My kids were so wonderful at the wedding the Anthony 8 and Brooklynn 5 were on the dance floor all night they are not shy at all. Anthony was so cute he was trying to break dance and do the moon walk it was classic. and well Brooklynn she just danced her little butt off all night by the time we got home they went upstairs to put their pj's on and I think they were passed out in a matter of 5 minutes! It is so wonderful to see that they are not afraid to be in front of people I really want them to be confident with themselves and always stand with their head held High! It looks like that is happening so far and I hope it stays that way.

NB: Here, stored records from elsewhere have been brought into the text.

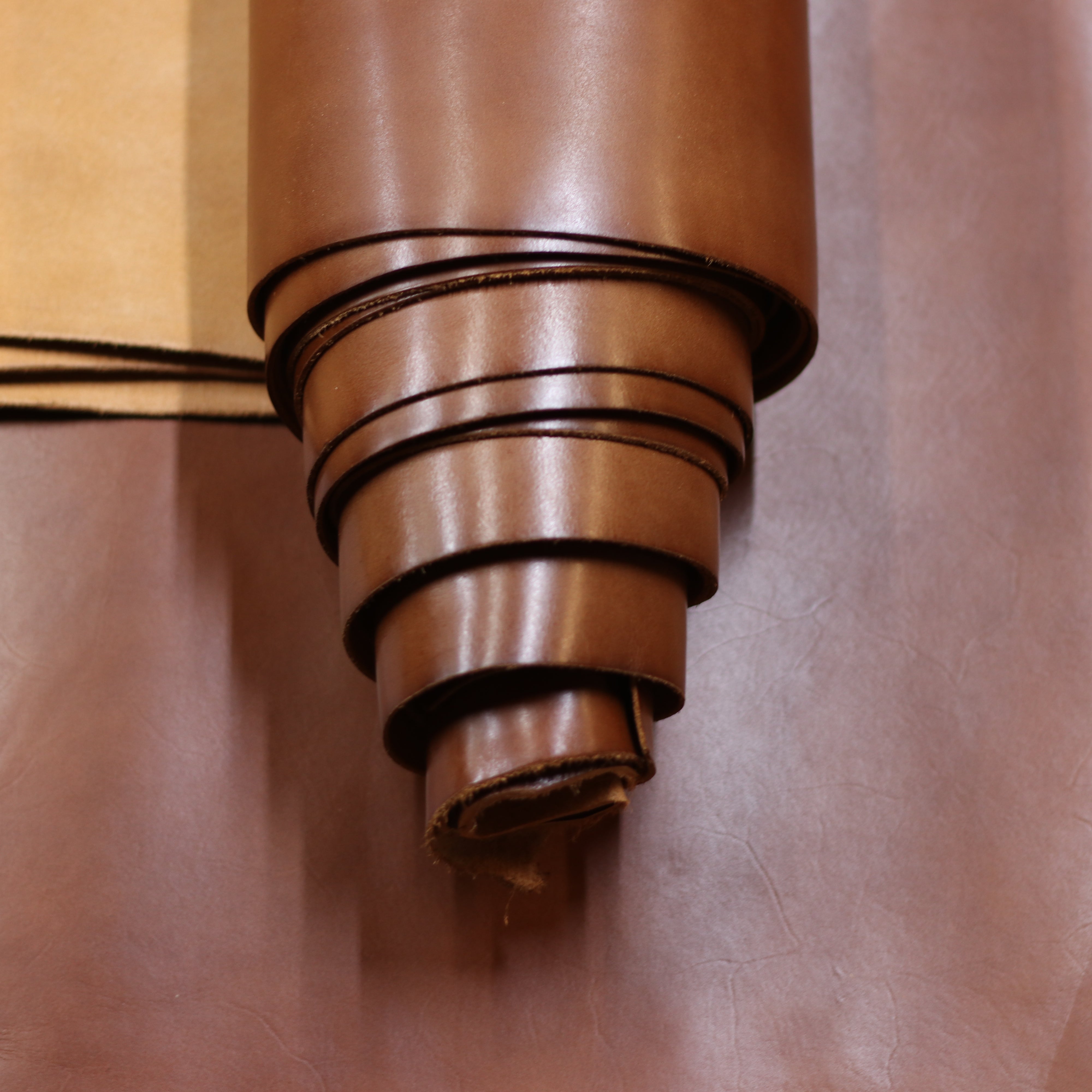 5/6oz. Spade Milled Cognac Color – Vegetable-Tanned Full-Grain by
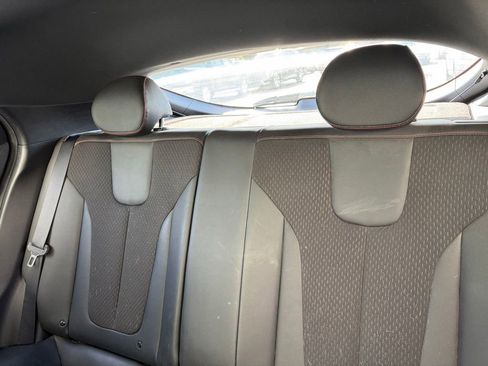 Used 2019 Hyundai Veloster Turbo FWD image 11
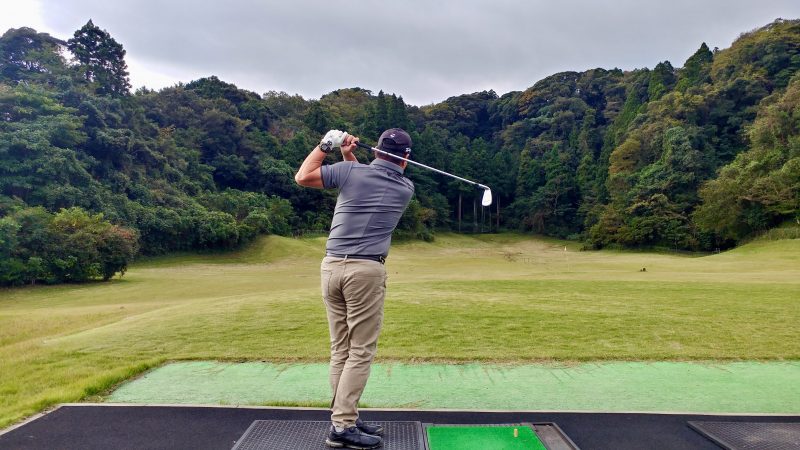 GEN-TENゴルフコースレッスン傾斜トレーニング両足を揃えてスイングフィニッシュの写真
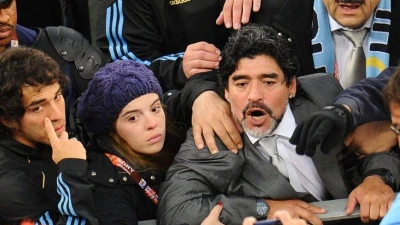 Il Napoli scrive a Dalma e Gianinna Maradona: "Per voi lo stadio è sempre aperto"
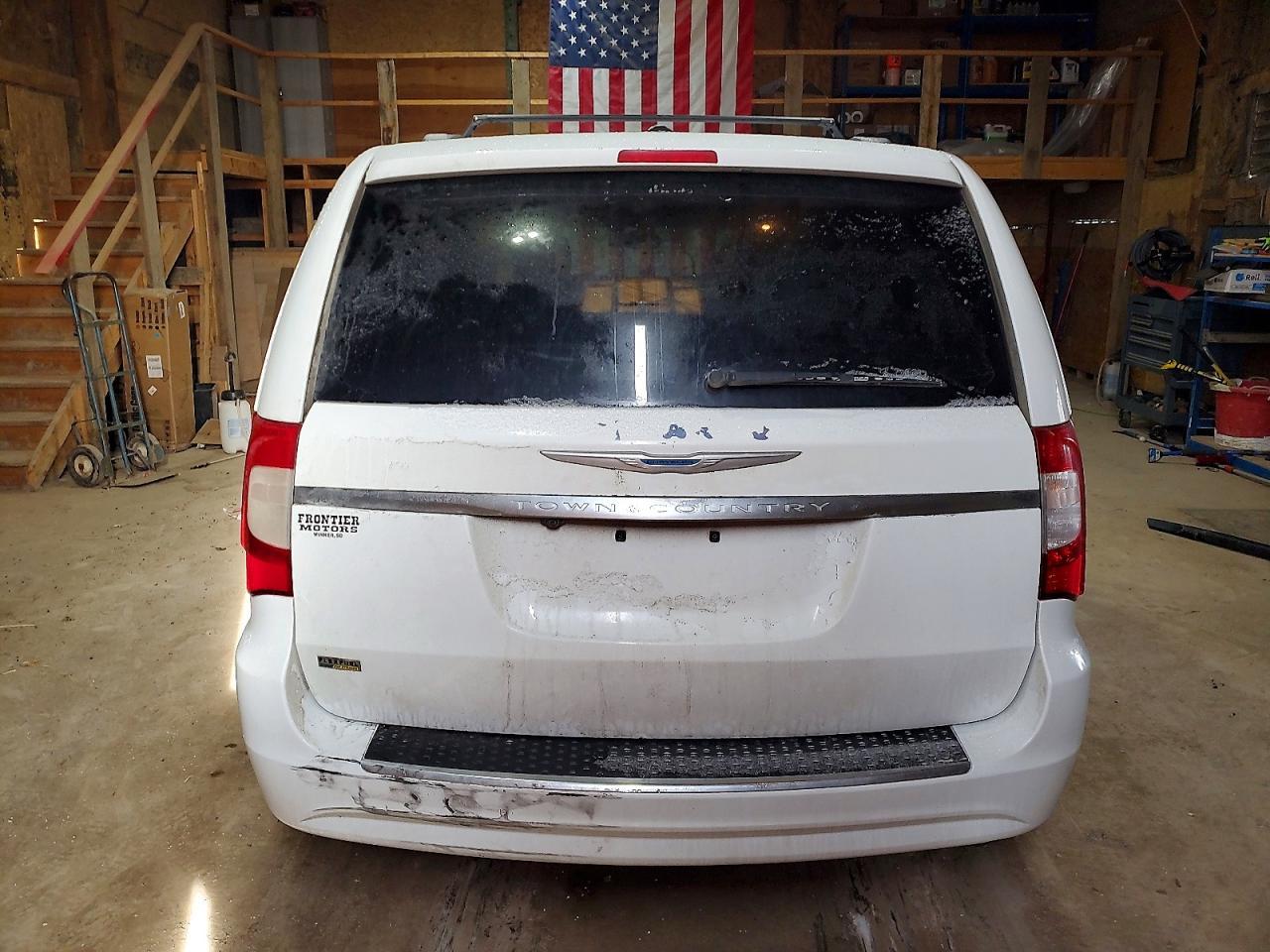 2015 Chrysler Town & Country Touring - Image 6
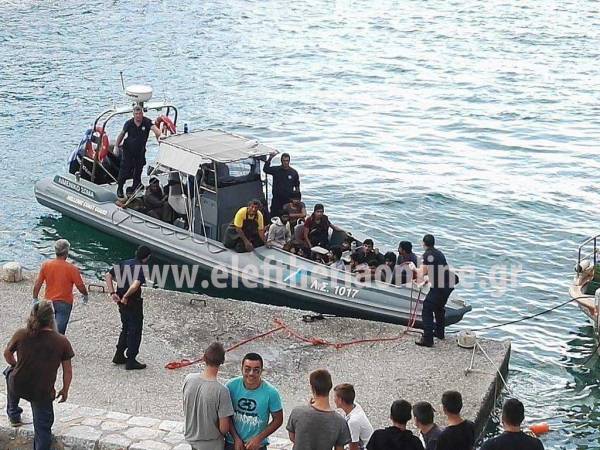 Θαλαμηγός με 35 μετανάστες στο Γερολιμένα (βίντεο-φωτογραφίες)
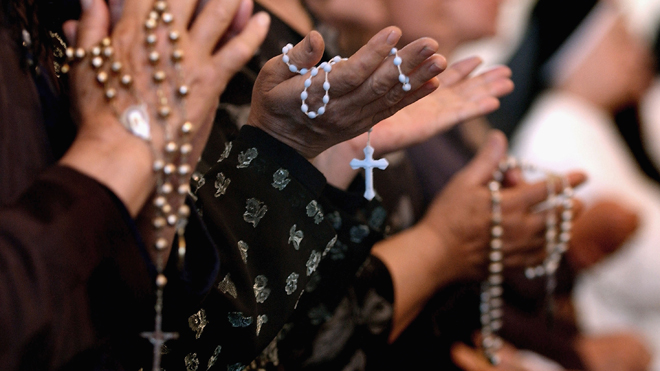 Iraqi Worshippers Pray For Pope John Paul II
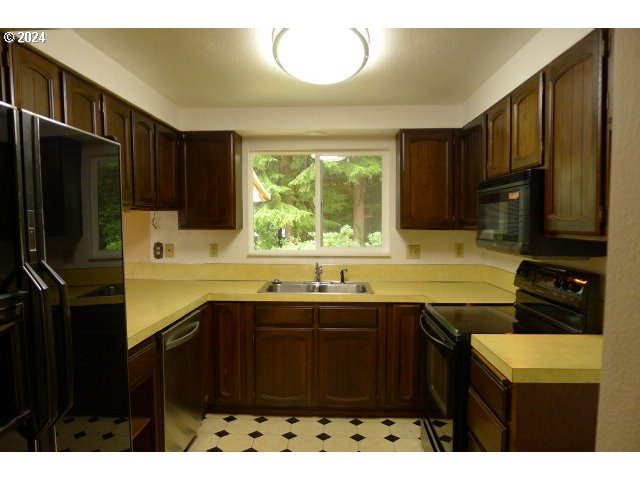 3167 Ridgeway Drive Reedsport, OR 97467 - Photo 8 of 41 Gallery Image 8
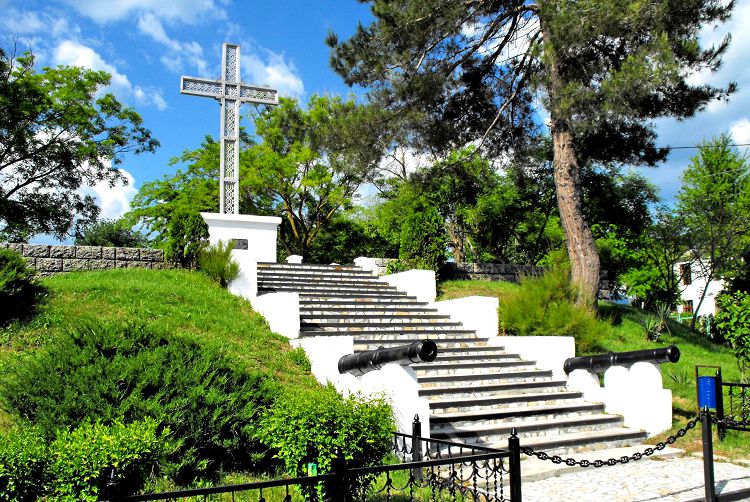 К Памятному кресту А.Осипова ежедневно приходят гости поселка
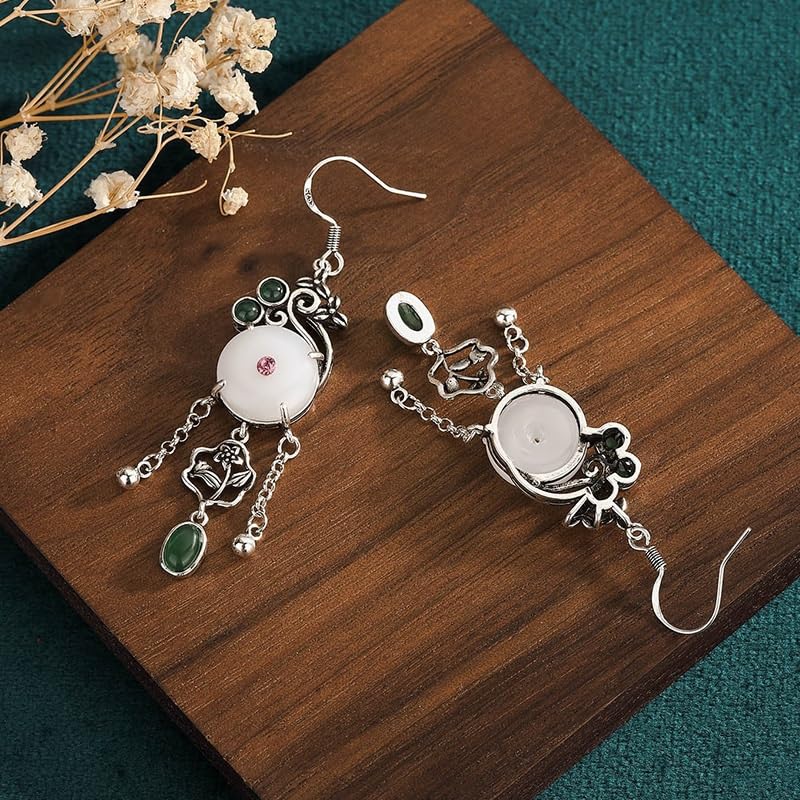 Pendentif à pompon ton argent et pierre blanche synthétique : le cadeau idéal - 4
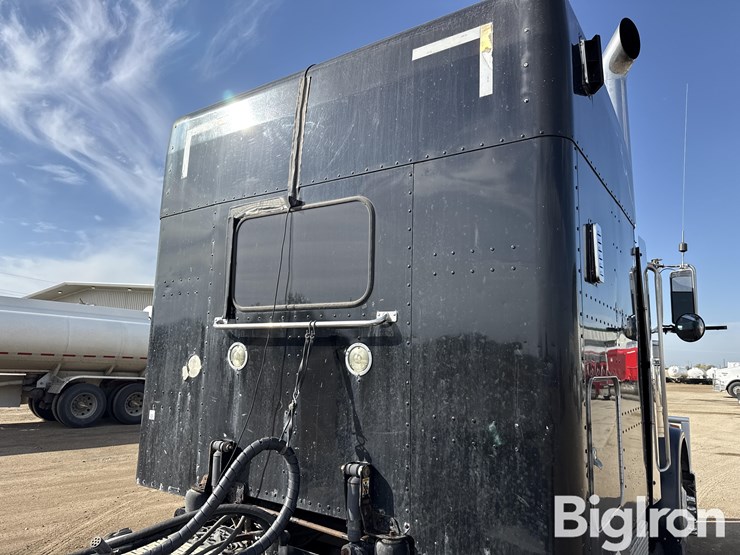 2005-peterbilt-378-image-15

My 15 year old Christopher has his first girlfriend and I am trying to be the mom that supports this and is here for him to talk and be really open with him. We are going to have her come over this week sometime so I can meet her and I can meet her parents. My son told my friend a couple weeks ago that he wants to date girls that have his same values and beliefs, he said he wants someone that goes to church and believes in God and I very impressed with that and I talked to him about that also I told I was really happy to hear that he was that mature and had those views for a girlfriend. He really made me proud because not all 15 yr old boys would think that way and of course not all 15 year olds act like him. We may have our mother, son attitudes with each other because that is his age but he is a great boy he helps out with chores most of the time without giving me a hard time, he does going out and get into trouble or get into any of the stuff that some of the teenagers are into right now. Of course I do have tight reigns on him to a certain extent at night I don't allow him to go out and just galavant around the neighbor like some of the older teens do because I really feel that after dark and walking around a development will just get you into trouble because you are bored.

Well I am going to do for now I hope everyone has a great day I am going to be swimming all afternoon most likely and then the 2 little ones have a pool party!

2 comments:

  1. So glad to see you back! I've been checking your blog here and there and thought you have my just give it up. It's always great to hear about your days as your kids are growing. Gives me something to look forward to with my son.
    I can not believe you went from a 16 to a 6! That is so awesome! I would be happy just coming down to an 8. Keep the posts coming. I enjoy them!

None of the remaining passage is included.